Sony DSC-RX10 review: Big, beefy camera with pro-like features
At a Glance
Resembling a cross between a digital SLR camera and a Howitzer cannon, the Sony DSC-RX10 is a serious contender for serious photographers who find themselves in situations where they don’t want to carry a DSLR and a few lenses in their bag.
Unlike a DSLR, the DSC-RX10’s lens cannot be swapped. The DSC-RX10 boasts a Zeiss-branded lens with a focal range the equivalent of 24 to 200mm (in 35mm terms). The lens also has incremental markings etched on the barrel, thereby placing a broad range of framing options at your fingertips without having to otherwise move a muscle.
Sony pitches this camera as a way for current DSLR owners to be able to reduce the burden of carrying a body and several lenses in order to achieve what the DSC-RX10 promises with its one lens. A bonus is that the DSC-RX10 also features a relatively bright maximum aperture of f/2.8 so you can be able to achieve those DSLR–like shallow depth of field shots. Coupled with a backlit Exmor R CMOS sensor, the huge lens gives a better performance in low light.
The insides of the DSC-RX10 are likewise impressesive. The 1-inch sensor has the same dimensions as featured in Nikon 1 cameras, as well as the Sony RX100 Mark II. The sensor is physically larger than those found in most current super zoom or bridge cameras. From this comes a respectably useful 20.2-megapixel resolution—expected at this price. And the RX10 produces images that are excellent.
The DSC-RX10 is wrapped in a magnesium alloy shell, and the camera feels just like a small DSLR when you pick it up, but what’s more useful on a practical level is the ability to switch between an eye-level electronic viewfinder (EVF) activated via eye senor, and a 3-inch, 1.2 million dot resolution LCD screen just below. The latter can be tilted up or down to aid high or low angle shooting—particularly useful for capturing video.

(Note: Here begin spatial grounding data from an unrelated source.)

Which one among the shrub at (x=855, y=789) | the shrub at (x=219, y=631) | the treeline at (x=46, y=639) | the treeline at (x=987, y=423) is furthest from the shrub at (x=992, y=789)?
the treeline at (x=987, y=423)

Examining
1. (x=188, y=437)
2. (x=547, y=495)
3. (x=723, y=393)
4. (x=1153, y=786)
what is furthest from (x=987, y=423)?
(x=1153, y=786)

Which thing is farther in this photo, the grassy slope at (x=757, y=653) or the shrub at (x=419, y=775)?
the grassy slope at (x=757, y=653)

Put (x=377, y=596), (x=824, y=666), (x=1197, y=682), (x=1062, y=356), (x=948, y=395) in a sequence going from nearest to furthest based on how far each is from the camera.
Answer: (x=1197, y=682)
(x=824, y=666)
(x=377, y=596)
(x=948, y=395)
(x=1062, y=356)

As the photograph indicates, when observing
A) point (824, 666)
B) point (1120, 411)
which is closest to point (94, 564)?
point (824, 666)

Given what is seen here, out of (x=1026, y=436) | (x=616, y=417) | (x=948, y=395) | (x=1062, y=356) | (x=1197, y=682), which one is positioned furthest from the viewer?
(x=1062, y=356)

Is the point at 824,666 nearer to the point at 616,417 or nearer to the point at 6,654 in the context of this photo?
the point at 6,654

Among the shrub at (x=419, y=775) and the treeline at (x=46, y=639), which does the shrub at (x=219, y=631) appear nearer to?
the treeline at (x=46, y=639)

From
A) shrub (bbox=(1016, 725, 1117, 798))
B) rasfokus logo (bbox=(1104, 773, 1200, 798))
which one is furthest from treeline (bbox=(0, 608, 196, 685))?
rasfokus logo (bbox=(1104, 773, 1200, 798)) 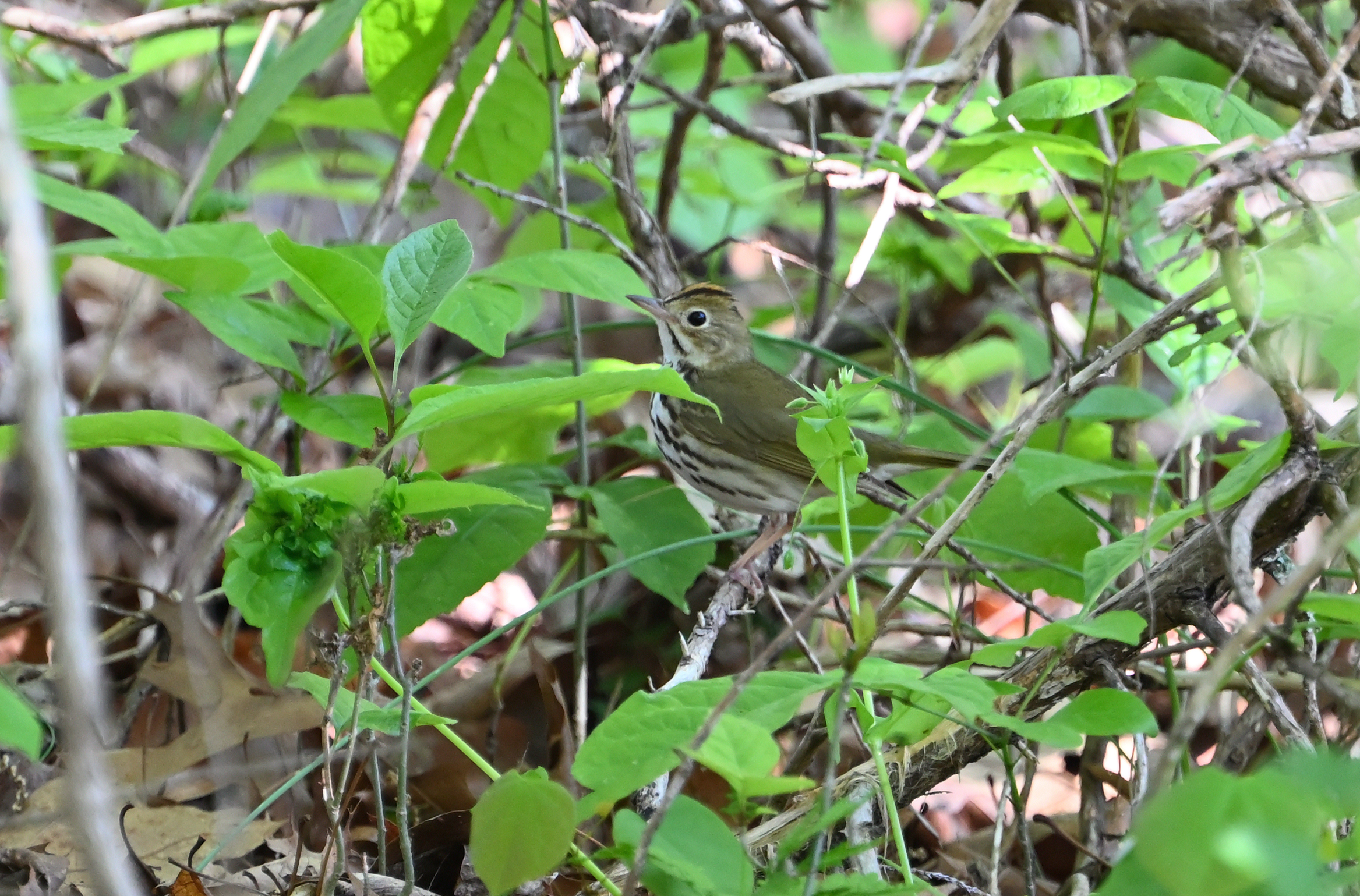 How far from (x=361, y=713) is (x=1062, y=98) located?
4.51 feet

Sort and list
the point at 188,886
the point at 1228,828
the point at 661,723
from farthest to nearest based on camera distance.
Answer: the point at 188,886
the point at 661,723
the point at 1228,828

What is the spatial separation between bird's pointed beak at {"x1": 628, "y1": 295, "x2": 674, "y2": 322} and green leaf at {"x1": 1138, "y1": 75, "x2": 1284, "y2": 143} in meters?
1.41

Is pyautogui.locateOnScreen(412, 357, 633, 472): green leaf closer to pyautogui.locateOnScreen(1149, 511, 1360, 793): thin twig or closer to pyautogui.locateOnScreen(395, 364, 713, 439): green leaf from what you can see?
pyautogui.locateOnScreen(395, 364, 713, 439): green leaf

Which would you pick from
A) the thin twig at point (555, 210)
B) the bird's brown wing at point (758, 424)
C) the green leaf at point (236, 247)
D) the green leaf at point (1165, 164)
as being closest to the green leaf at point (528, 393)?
the green leaf at point (236, 247)

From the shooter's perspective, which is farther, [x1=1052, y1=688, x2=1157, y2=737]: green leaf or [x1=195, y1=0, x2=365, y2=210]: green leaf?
[x1=195, y1=0, x2=365, y2=210]: green leaf

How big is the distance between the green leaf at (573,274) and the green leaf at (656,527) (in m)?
0.49

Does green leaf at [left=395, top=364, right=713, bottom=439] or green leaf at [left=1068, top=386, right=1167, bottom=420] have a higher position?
green leaf at [left=395, top=364, right=713, bottom=439]

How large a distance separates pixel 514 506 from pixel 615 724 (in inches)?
Answer: 40.2

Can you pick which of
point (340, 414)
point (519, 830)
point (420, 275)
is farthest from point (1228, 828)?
point (340, 414)

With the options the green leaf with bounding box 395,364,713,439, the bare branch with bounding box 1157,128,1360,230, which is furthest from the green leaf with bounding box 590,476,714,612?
the bare branch with bounding box 1157,128,1360,230

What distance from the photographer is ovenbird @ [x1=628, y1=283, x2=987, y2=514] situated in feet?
10.0

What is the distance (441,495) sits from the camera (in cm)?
121

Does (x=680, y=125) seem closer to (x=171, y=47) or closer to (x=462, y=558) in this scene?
(x=171, y=47)

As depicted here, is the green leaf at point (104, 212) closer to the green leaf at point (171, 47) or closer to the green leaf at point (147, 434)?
the green leaf at point (147, 434) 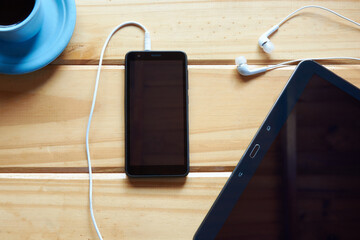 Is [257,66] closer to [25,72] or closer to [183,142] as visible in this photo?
[183,142]

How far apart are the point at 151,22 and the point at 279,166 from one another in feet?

The DSC-RX10’s relatively chunky body has large and readily accessible controls, including two top plate dials; one for selecting any of the ten shooting modes, and the other for incrementally dialing in exposure adjustment values.
The zoom can be adjusted in a couple of ways; either by gripping the lens barrel and turning it by hand, or using the zoom lever that encircles the shutter release button. When using the DSC-RX10 during a school play, the ability to zoom in or out silently by hand was a real boon, and the camera’s auto focus adjusted so rapidly that you avoid the usual couple of seconds of blur while re-focusing.
Though the DSC-RX10 is not an inexpensive camera, when you add up what a semi-pro DSLR body and a similar zoom would cost, investing in the RX10 actually makes for a sound investment.